» **Action item**:
Transcribe the listing below exactly, without pictures.

» **Given information**:
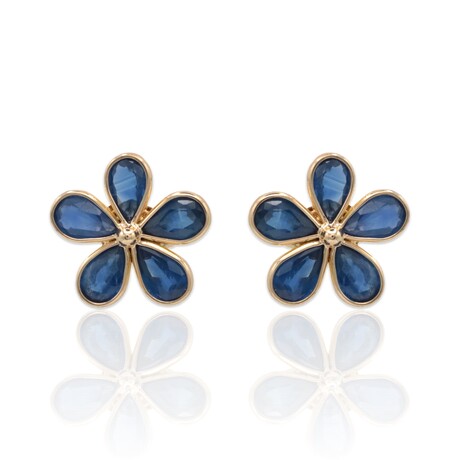 18K Yellow Gold Sapphire Small Flower Earrings // Pre-Owned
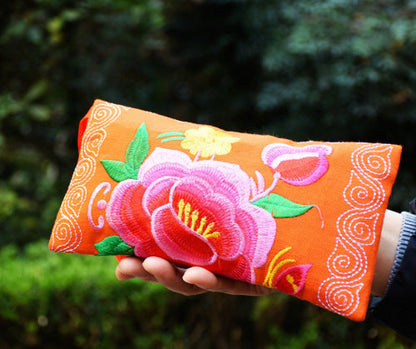 Long Double Sided Embroidered Wallet, Wrist Bag, Handheld Bag, Women'S Bag, Ethnic Style Cotton And Hemp Fabric Art Bag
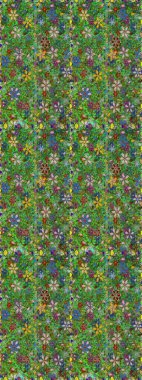 Yeşil ve kahverengi el çizimi desen. Karalama çiçekleri kusursuz desen. Raster deseni. Sanat ilham verici ve kahverengi tarzı çiçekler ve arkaplan bırakır.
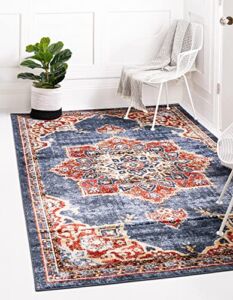 Unique Loom Utopia Collection Traditional Classic Vintage Inspired Area Rug with Warm Hues, 5 ft x 8 ft, Navy Blue/Burgundy
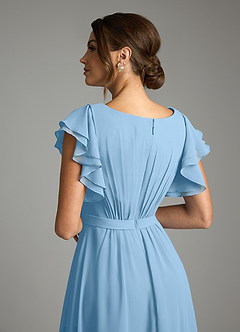Azazie Daphne Modest Bridesmaid Dresses A-Line Ruffled Chiffon Floor-Length Dress image6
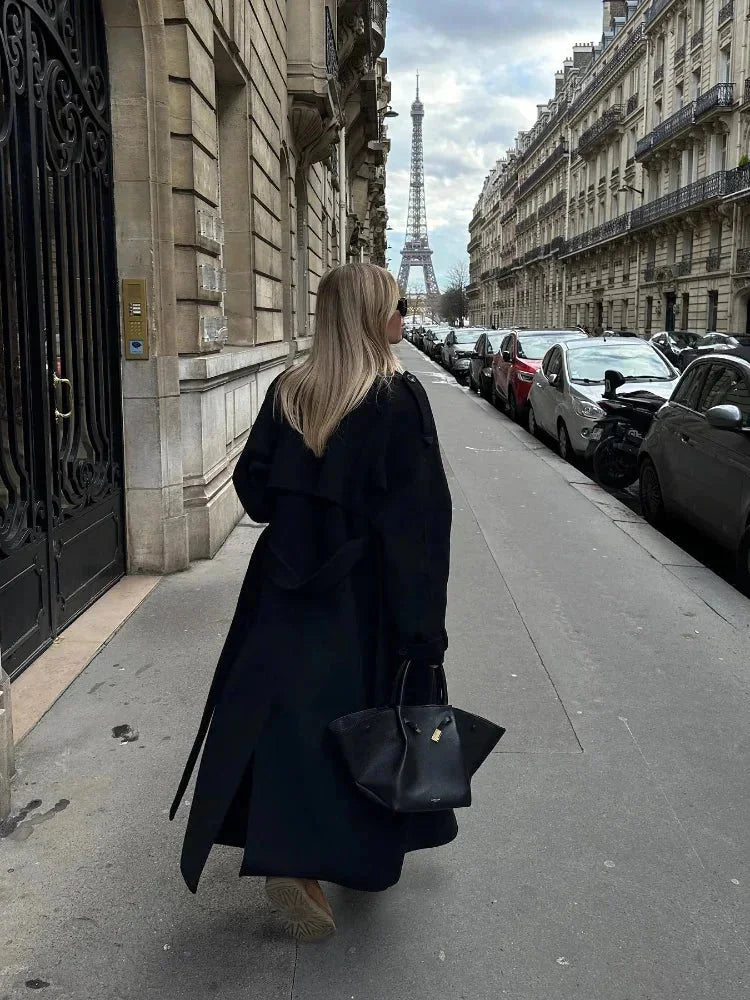 Carla | Trench Long Noir Femme Col Tailleur
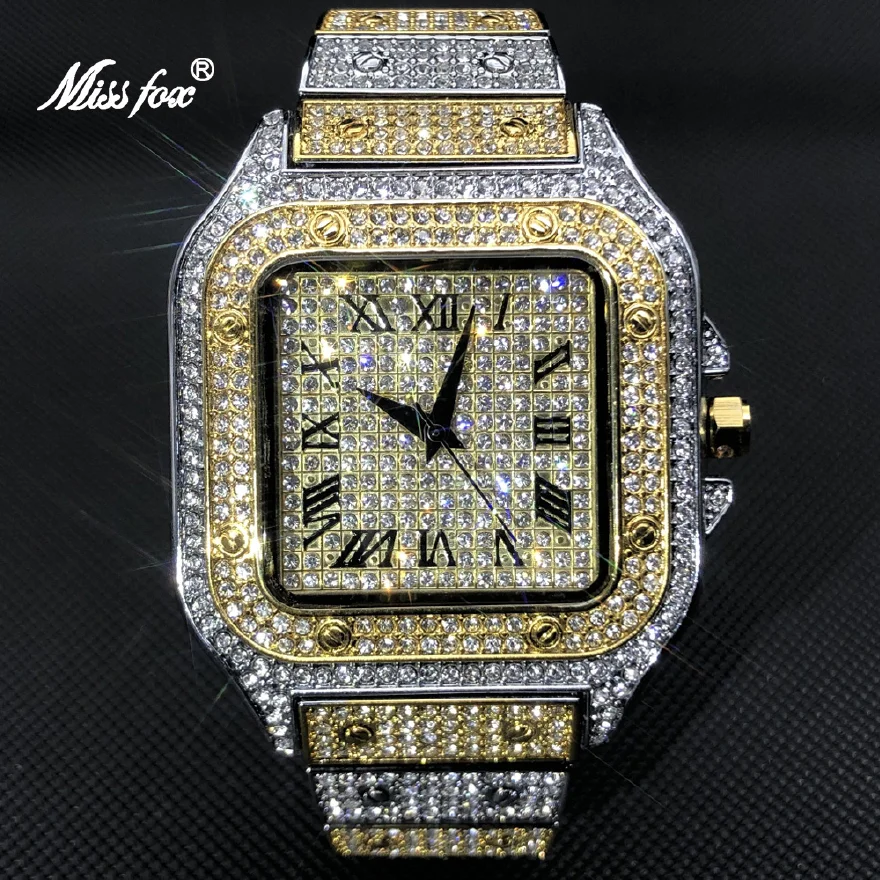 

MISSFOX White Gold Men Watches Top Brand Luxury Full Diamond Square Quartz Male Watch Hip Hop Ice Out Waterproof Clock Gift 2021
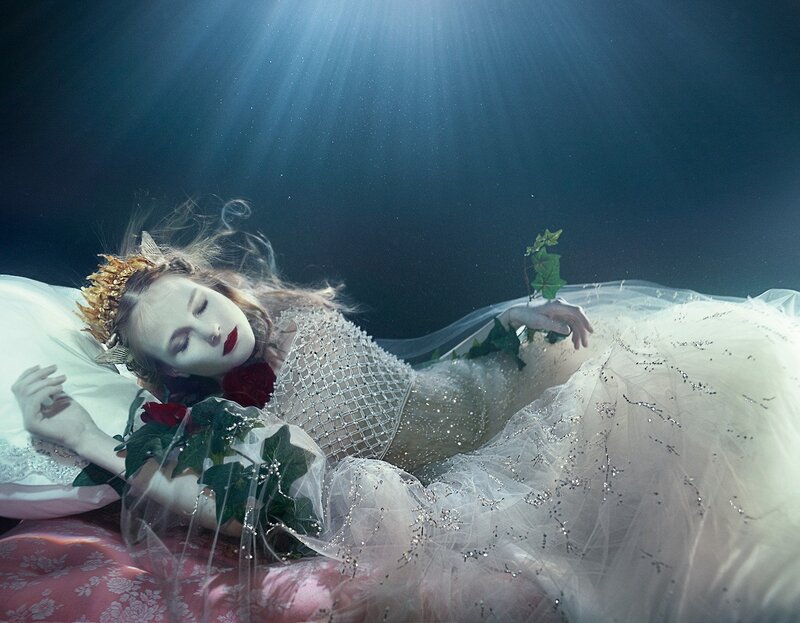 Woman in White Dress — Dramatic, Photograph, Red Rose, Crown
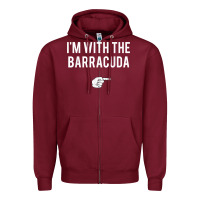 Burgundy I_m With Barracuda Halloween Costume Party Matching Zipper Hoodie - longCreatives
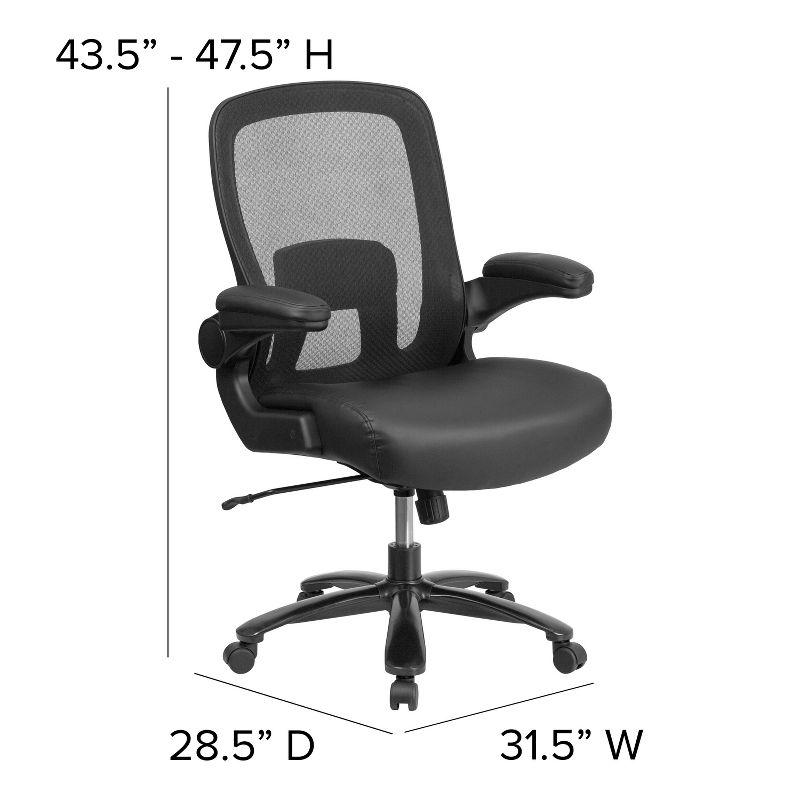 Hercules High-Back Executive Swivel Chair with Adjustable Arms in Black Leather/Mesh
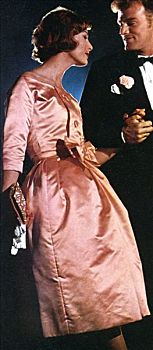 女人,粉色,绸缎,服装,20世纪50年代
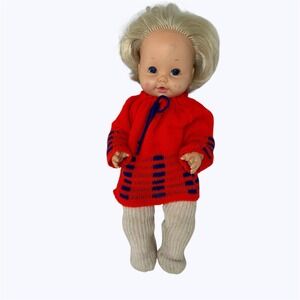 Vtg 1969 Mattel Baby Tender Love Rubber Doll Drink Wet Knit Outfit 16" Untested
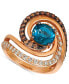 ფოტო #1 პროდუქტის Deep Sea Blue Topaz (1-3/4 ct. t.w.) & Diamond (3/4 ct. t.w.) Fibonacci Spiral Ring in 14k Rose Gold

» **Answer for the task**:
 18K Yellow Gold Sapphire Small Flower Earrings // Pre-Owned
 Long Double Sided Embroidered Wallet, Wrist Bag, Handheld Bag, Women'S Bag, Ethnic Style Cotton And Hemp Fabric Art Bag
 Yeşil ve kahverengi el çizimi desen. Karalama çiçekleri kusursuz desen. Raster deseni. Sanat ilham verici ve kahverengi tarzı çiçekler ve arkaplan bırakır.
 Unique Loom Utopia Collection Traditional Classic Vintage Inspired Area Rug with Warm Hues, 5 ft x 8 ft, Navy Blue/Burgundy
Azazie Daphne Modest Bridesmaid Dresses A-Line Ruffled Chiffon Floor-Length Dress image6
 Carla | Trench Long Noir Femme Col Tailleur

MISSFOX White Gold Men Watches Top Brand Luxury Full Diamond Square Quartz Male Watch Hip Hop Ice Out Waterproof Clock Gift 2021
 Woman in White Dress — Dramatic, Photograph, Red Rose, Crown
 Burgundy I_m With Barracuda Halloween Costume Party Matching Zipper Hoodie - longCreatives
 Hercules High-Back Executive Swivel Chair with Adjustable Arms in Black Leather/Mesh
 女人,粉色,绸缎,服装,20世纪50年代
 Vtg 1969 Mattel Baby Tender Love Rubber Doll Drink Wet Knit Outfit 16" Untested
 ფოტო #1 პროდუქტის Deep Sea Blue Topaz (1-3/4 ct. t.w.) & Diamond (3/4 ct. t.w.) Fibonacci Spiral Ring in 14k Rose Gold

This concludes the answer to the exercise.